Edinburgh’s cinemas have their own, different feel. When I visit them, I’ll be writing about both the film and the place, giving you the organic experience. Film critics on the big scale can’t really cater for this, so I hope my reviews bring something extra in this respect.
Joshua Matteo's short film, Mesmeralda, merging horror with esoterica, is now out on youtube. As with his previous work Metanoia, we see youthful trans actors racing through the empty streets of a moonlit New York, haunted by symbols and stalked by a masked figure of violent intentions. Mesmeralda, as described by Matteo, is the companion piece, a 'more urban, nightmarish' vision to his earlier film Metanoia and its 'dreamlike fairy tale' style with a pastoral, Eden-like introduction. In Mesmeralda, the punk/goth aesthetic of the protagonist Elena, played by the actress Drea (formerly Emira Hajj), is one signification of a tone where innocence is dialled down, and where the viewer is already on standby for the horror to come.

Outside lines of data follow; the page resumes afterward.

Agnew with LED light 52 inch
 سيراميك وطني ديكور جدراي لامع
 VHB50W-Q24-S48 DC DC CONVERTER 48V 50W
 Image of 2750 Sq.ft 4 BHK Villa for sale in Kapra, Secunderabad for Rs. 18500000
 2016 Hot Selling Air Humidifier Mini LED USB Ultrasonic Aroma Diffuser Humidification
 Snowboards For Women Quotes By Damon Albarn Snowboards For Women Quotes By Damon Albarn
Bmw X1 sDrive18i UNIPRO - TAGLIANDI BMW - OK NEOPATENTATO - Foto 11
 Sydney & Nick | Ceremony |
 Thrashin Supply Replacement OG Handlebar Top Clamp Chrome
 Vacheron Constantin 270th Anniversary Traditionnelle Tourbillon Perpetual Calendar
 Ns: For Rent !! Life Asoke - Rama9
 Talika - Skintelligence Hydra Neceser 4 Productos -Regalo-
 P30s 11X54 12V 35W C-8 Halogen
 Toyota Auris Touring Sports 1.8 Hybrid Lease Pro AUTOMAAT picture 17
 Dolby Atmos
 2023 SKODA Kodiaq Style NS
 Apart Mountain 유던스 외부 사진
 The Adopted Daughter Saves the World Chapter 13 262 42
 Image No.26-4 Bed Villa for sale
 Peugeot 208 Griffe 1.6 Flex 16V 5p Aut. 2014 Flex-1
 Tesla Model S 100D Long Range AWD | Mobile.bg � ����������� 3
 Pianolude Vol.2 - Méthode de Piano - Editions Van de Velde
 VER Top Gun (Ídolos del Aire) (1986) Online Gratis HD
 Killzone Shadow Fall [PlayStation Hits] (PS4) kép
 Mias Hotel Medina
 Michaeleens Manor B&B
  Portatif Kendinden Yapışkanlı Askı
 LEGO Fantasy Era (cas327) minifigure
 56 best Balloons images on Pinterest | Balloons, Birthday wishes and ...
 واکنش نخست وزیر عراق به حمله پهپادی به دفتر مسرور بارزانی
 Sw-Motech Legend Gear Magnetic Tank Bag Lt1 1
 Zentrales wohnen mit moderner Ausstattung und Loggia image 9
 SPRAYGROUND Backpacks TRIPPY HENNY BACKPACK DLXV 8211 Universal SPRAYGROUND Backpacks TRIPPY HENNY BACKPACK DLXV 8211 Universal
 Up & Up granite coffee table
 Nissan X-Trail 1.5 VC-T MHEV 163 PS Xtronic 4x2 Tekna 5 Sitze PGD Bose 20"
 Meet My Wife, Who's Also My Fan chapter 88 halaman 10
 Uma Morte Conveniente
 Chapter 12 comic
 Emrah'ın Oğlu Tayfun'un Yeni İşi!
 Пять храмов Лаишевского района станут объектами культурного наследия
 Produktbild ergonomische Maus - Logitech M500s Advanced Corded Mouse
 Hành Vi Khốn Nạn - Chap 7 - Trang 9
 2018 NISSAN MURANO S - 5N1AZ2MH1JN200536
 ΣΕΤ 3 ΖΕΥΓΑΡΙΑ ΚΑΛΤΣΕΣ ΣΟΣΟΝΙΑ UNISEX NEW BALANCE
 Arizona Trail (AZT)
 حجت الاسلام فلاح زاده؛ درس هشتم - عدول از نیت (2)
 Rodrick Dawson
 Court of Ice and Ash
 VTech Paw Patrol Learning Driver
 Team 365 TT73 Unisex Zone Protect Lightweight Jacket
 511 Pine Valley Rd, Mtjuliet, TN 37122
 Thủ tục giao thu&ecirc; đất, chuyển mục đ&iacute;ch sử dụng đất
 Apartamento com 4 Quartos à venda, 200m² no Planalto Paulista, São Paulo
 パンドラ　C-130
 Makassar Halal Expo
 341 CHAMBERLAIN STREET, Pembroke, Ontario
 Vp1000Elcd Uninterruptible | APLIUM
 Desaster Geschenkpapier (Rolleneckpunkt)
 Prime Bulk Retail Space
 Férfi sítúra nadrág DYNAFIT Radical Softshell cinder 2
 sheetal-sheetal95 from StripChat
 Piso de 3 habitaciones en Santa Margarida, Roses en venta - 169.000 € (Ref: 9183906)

More so than Metanoia, the subtext is multi-layered, the esoterica blurring with recurring intrusions from the modern world, through footage of 9/11 and the destruction of the World Trade Center. On first viewing, I saw the piece as a nightmare creation about the anxieties of trans people in public spaces. In this poetic aspect, Mesmeralda evokes in its moods the ominous dreamscape poetry of the Venezuelan trans poet Esdras Parra: 'This is my past, there is only myth within it, the earth pushes me toward exhaustion, an evil unknown to its wisdom pushes me' (Parra 297). Nightscapes of isolation and menacing locations similarly appear in Mesmeralda, evoking Parra's 'for those who are buried alive' (272):
'How long I've waited in crystal rooms
in the vast timber of the forests
watching the dark moon
along time that runs in a straight path
watching the quiet scent
of the vacant houses
in a hiding place filled with pain and tears'
In Mesmeralda, this layer of nameless terror and the glittering chambers of separation are sufficient for it to work as a study of trans/queer fear, but the imagery of 9/11-centred destruction and the film's partial location in the new Ground Zero disturbs this continuity. As Matteo himself says, the events of 9/11 traumatised him and others of his generation. We see it in the switches to and from the images of planes and the collapsing towers in different locations: a film not just about queerness and transness or the esoteric images of the Statue of Liberty and drag-queen witches as harbingers of mysteries to come. Instead, we are also being presented, obsessively, with the protagonist's trauma, having been exposed to a single violent event that binds her in turn to different trans-based characters. External disasters seep into their unconscious, exacerbating anxieties. These play out in the nighttime dreamscape.
The film begins with the character of Kitana racing across a nighttime bridge with trains rattling by. Her violent death and the disturbing morphing of a baby in her arms into a tentacled mollusc is a sign of things to come: Elena, the protagonist and witness to the event, will face her nemesis at the story's end, according to this Cthonic theme of tentacled monsters from the deep. In between is a series of violent murders of trans/queer characters, while two ambiguous, drag-queen witches appear from the lore of esoterica, Sophia and Inanna, the Sophia-figure especially guiding Elena to a party where the murderous figure is waiting for her.
Technically, Mesmeralda is a progression from Metanoia in its pacing and power: the violence is both more horrific and intense, the villain more tangible, while the protagonist Elena has the tighter, more compelling arc. As a warning to potential viewers, the scenes of violence are not for the fainthearted, but it contributes to the film's darkness and the sense of threat to the characters. Yet as with Metanoia, one of its strengths too is its embrace of trans and queer characters into a haunting, mystery world where the transness is incidental to the story-line, and where fear is not intrinsically of a recognisably transgender form but an amalgam of contextualised effects - as complex as trans people are. As a depiction of queer fear wrapped up in a nightmare, it makes for the kind of experience suggested in the title. Watch it, and be mesmerised.